• **Problem description**
The required output is the exact run of lines from the one that contains "Flip Cover Vivo Y22s Pung" to the end of the data, with every picture left out.

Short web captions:
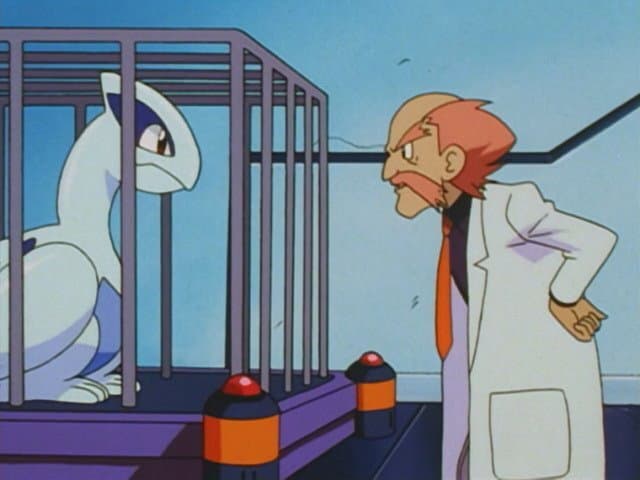 Still from A Parent Trapped!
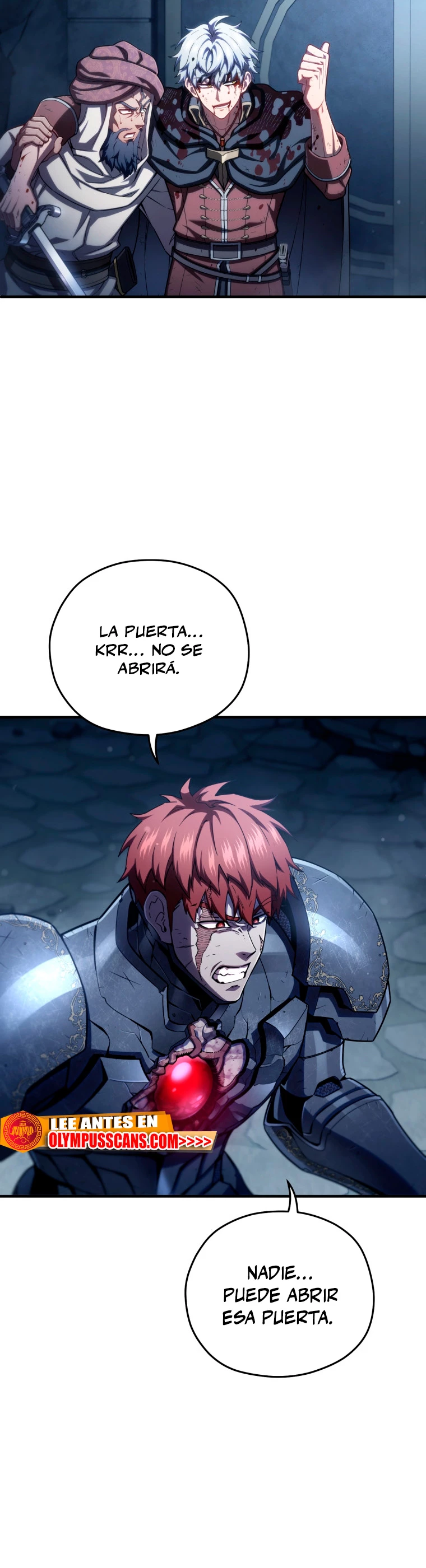 Maldita Reencarnación Capitulo 61 página 31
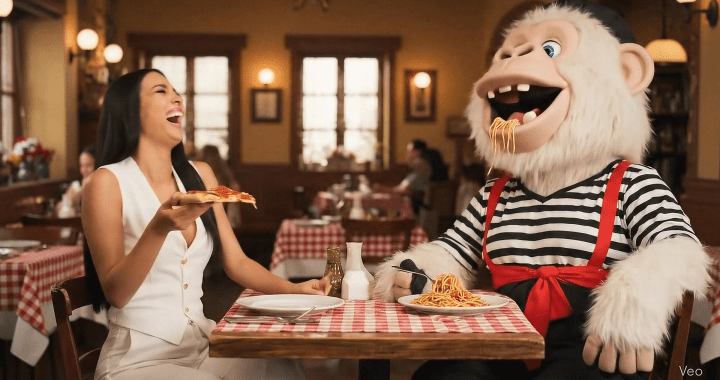 Chiste Dialogo Espaguetis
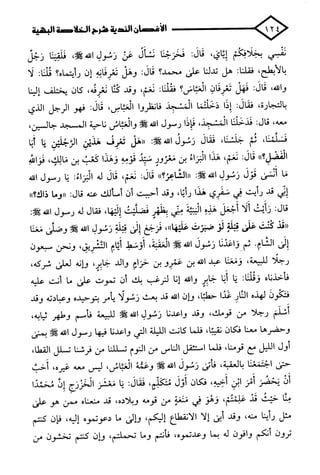 الأغصان الندية في شرح السيرة النبوية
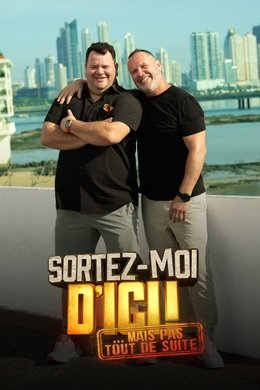 Sortez-moi d'ici... Mais pas tout de suite! season poster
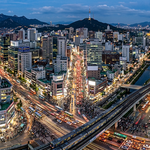 [댓글부탁해] 서울 vs <b>부산</b>, 어디가 더 복잡할까요?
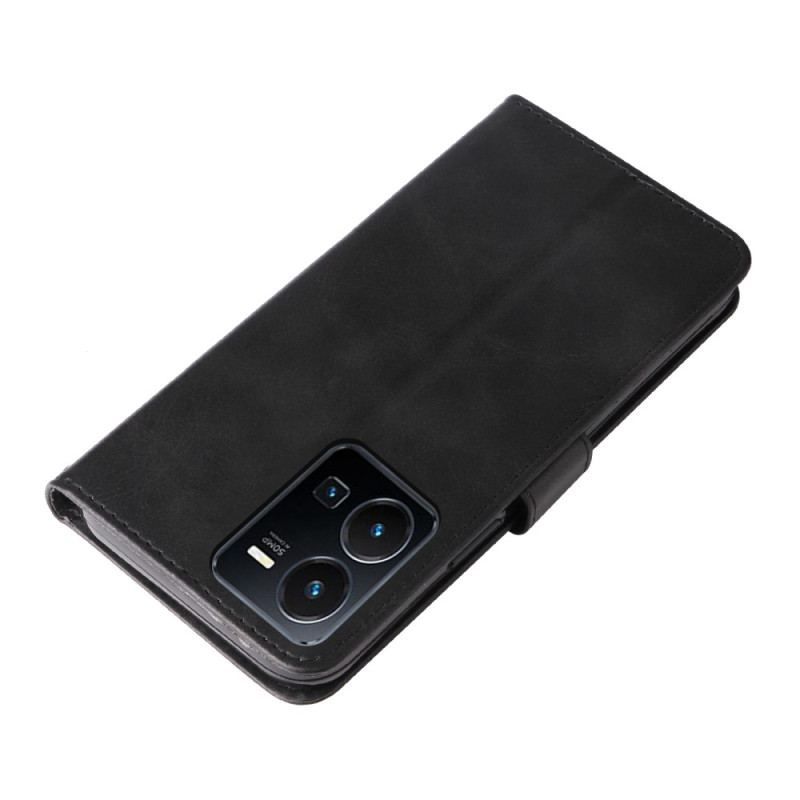 Flip Cover Vivo Y22s Pung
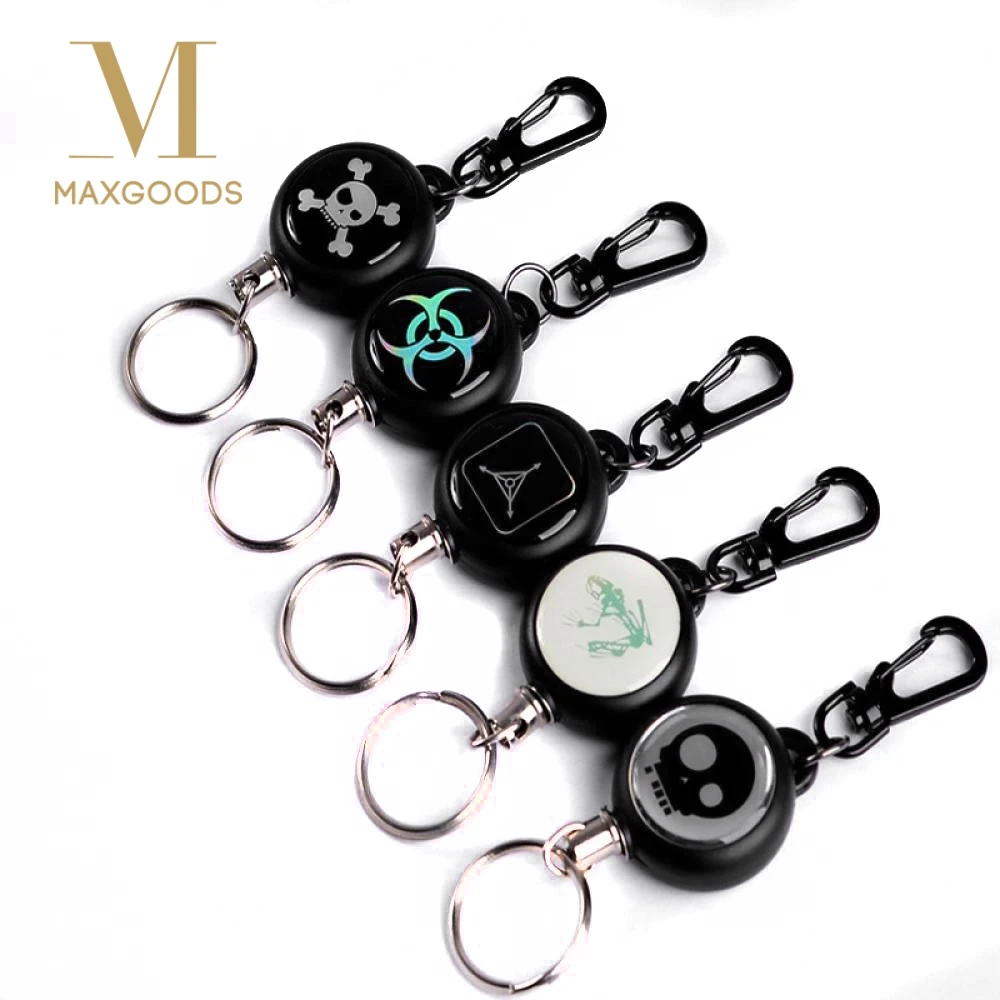 1 шт. выдвижной брелок для ключей|keychain chain|keychain monkeykeychain printer |
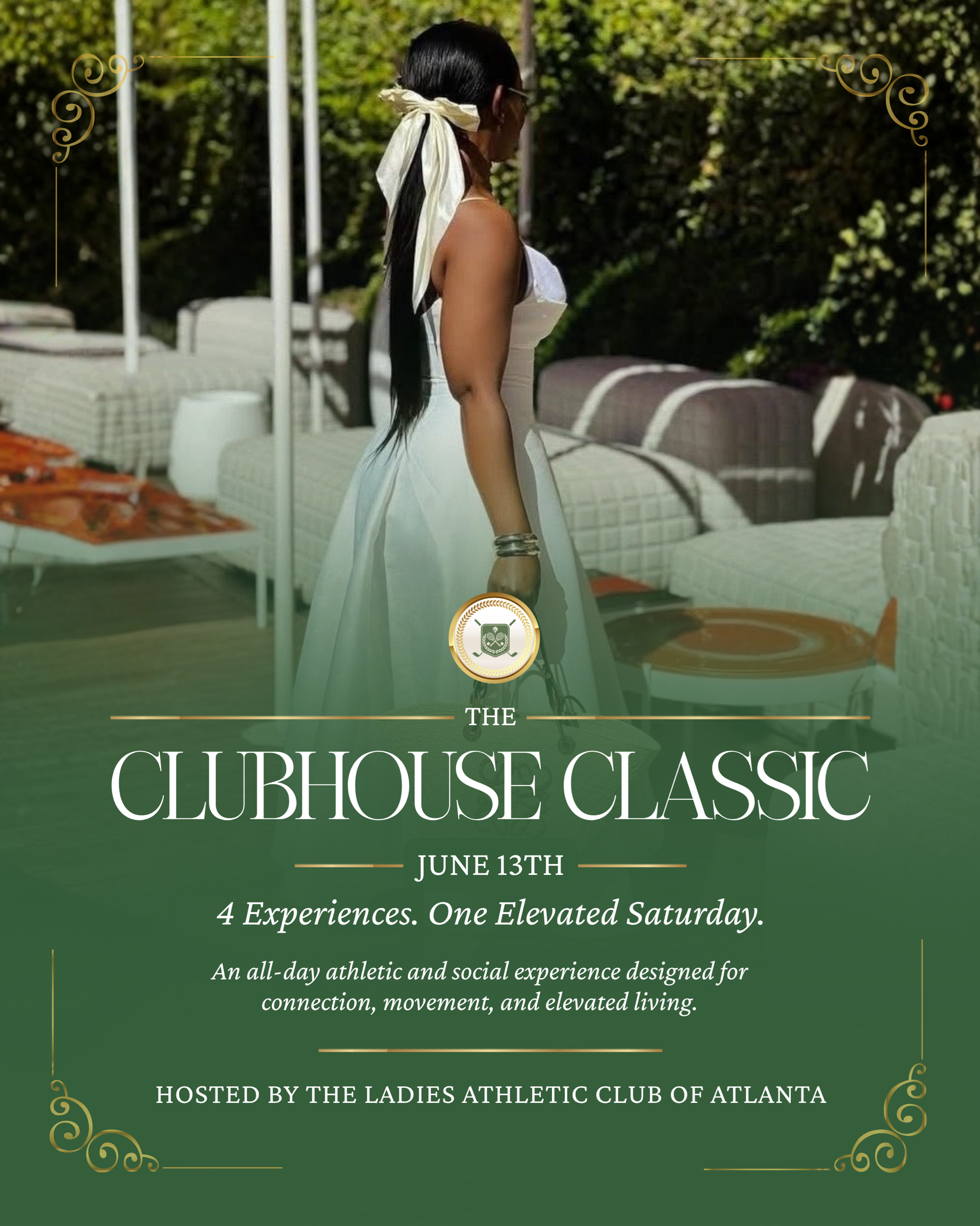 Terrace Toasts - Prosecco Social - Saturday, June 13th, 2026 (new date)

• **Written reply**
 Flip Cover Vivo Y22s Pung
 1 шт. выдвижной брелок для ключей|keychain chain|keychain monkeykeychain printer |
 Terrace Toasts - Prosecco Social - Saturday, June 13th, 2026 (new date)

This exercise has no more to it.